August 08, 2004

Jackson Pollack as sonic boom

I’ve been listening to American Mavericks on Sunday mornings (CBC radio), an award winning program hosted by Suzanne Vega, the singer/writer with interviews with composers by Michael Tilson Thomas, the artistic director and conductor of the San Francisco Orchestra.

This morning the focus was on the relationships between art and music. The show was called If Jackson Pollack Wrote Music, and was subtitled Music’s Abstract Expressionists. The website describes the topic:

Contact with the abstract expressionist painters after World War II inspired many American Composers to look for a new American language in chaos, complexity and freedom.

Music from composers such as Cage, Brown, Feldman, Wolff were played (and can be heard on their website). The emphasis was on “freedom, chance, improvisation” for some, and “structure and scientific models” for others. Jackson Pollack’s paintings are referred to as a model for the music.

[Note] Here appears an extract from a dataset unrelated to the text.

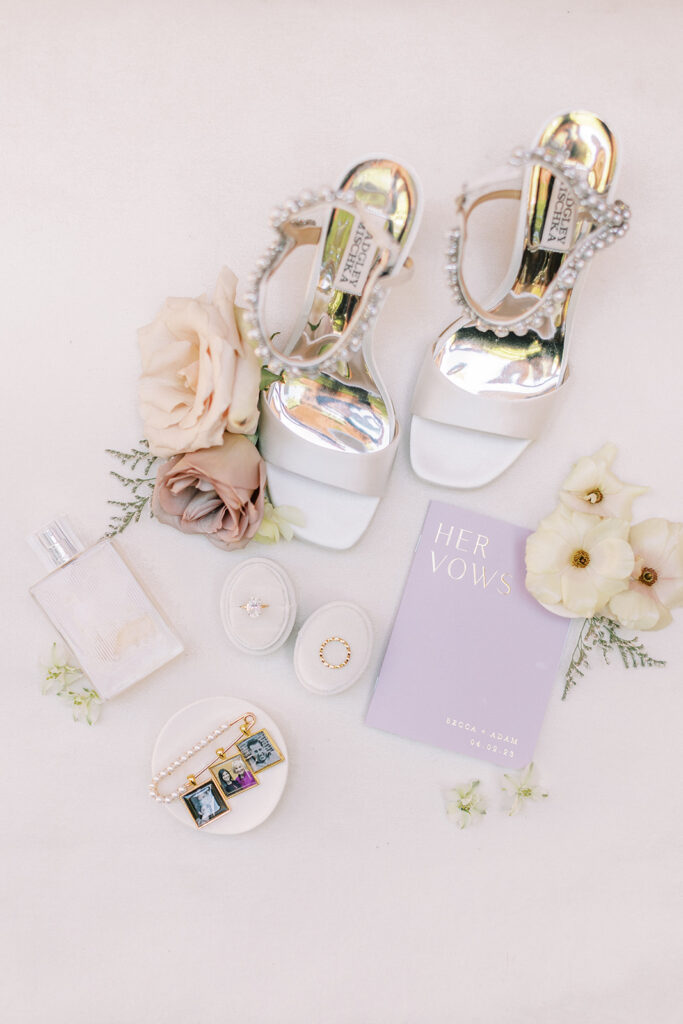 Bridal flat lay including shoes, perfume, vows, rings, and charms.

Considering that people will line up and wait for hours in line to see an exhibit of Robert Rauchenburg’s latest work but it is hard to fill an audience for a “new music” concert, the conclusion was drawn that music is more personal. I’m not sure about this. In fact, Rauchenburg is now a main stream contemporary artist and John Cage is a household name (well, in most households where the arts are of importance) equal in stature to Rauchenburg and Merce Cunningham, I think perhaps this is an over-generalization. We hear often of great painters “discovered” after they die poor and unappreciated. Painting too is very personal. When something is new, be it music or art, people too often think they have to “understand” something to enjoy it. It is true that the eyes are a major vehicle of communication and we “see” art more often and often more readily, whereas contemporary music does take a different kind of “understanding” and is not as “available” either in the everyday listening or in concert. It needs to be sought out.

When it comes to making art or music, the process is stated well by Jerome Kitze, a composer for 32 years, quoted on the website as saying:

I think you find your audience by not thinking about that very much. You’re doing your job and doing your work and not worrying about, let’s say, being rejected or accepted.